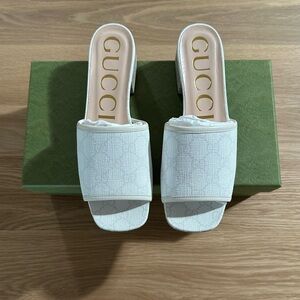 Gucci GG Supreme Canvas Slide Sandal (White, size 38)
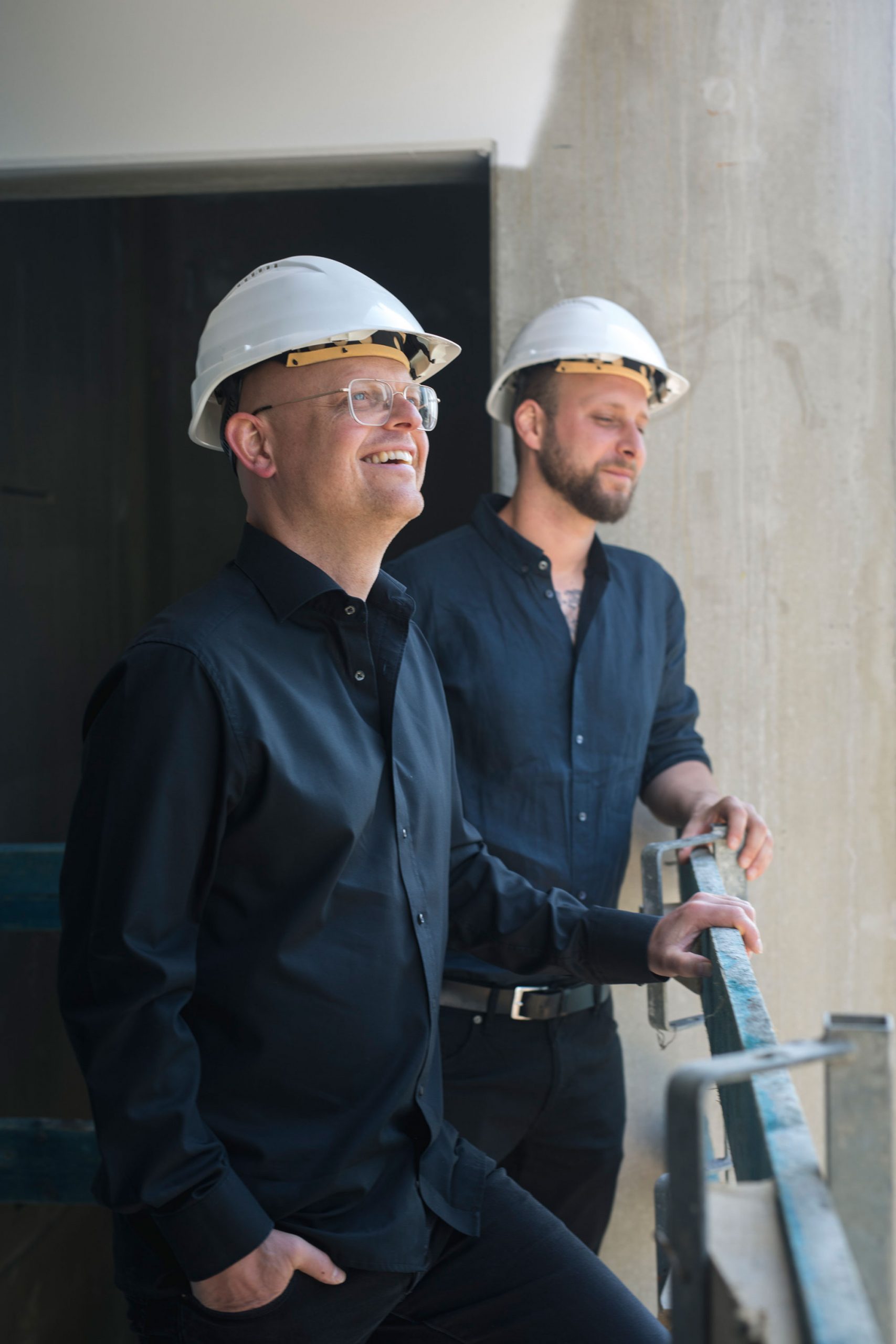 besprechung im Team in der Bermüller + Niemeyer Architekturwerkstatt in Nürnberg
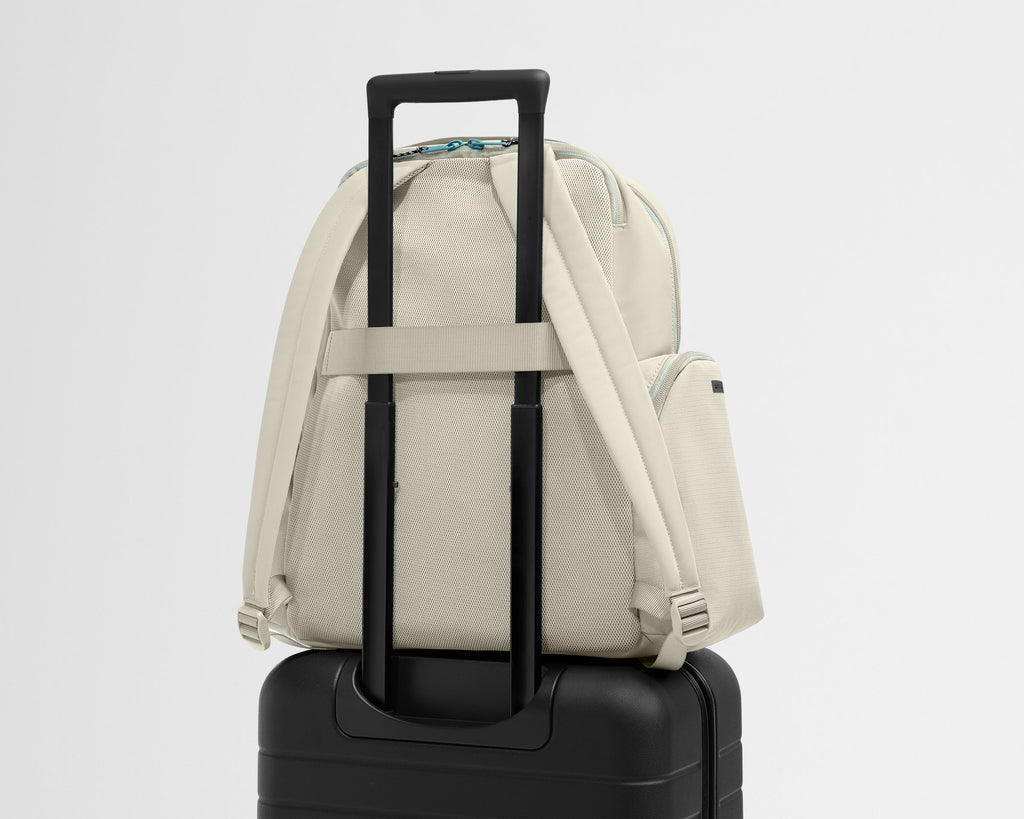 Away Sport Backpack in Salt White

**Task to complete:**
Transcribe the listing above verbatim. No picture belongs in the result.

**Output of the task:**
 Gucci GG Supreme Canvas Slide Sandal (White, size 38)
 besprechung im Team in der Bermüller + Niemeyer Architekturwerkstatt in Nürnberg
 Away Sport Backpack in Salt White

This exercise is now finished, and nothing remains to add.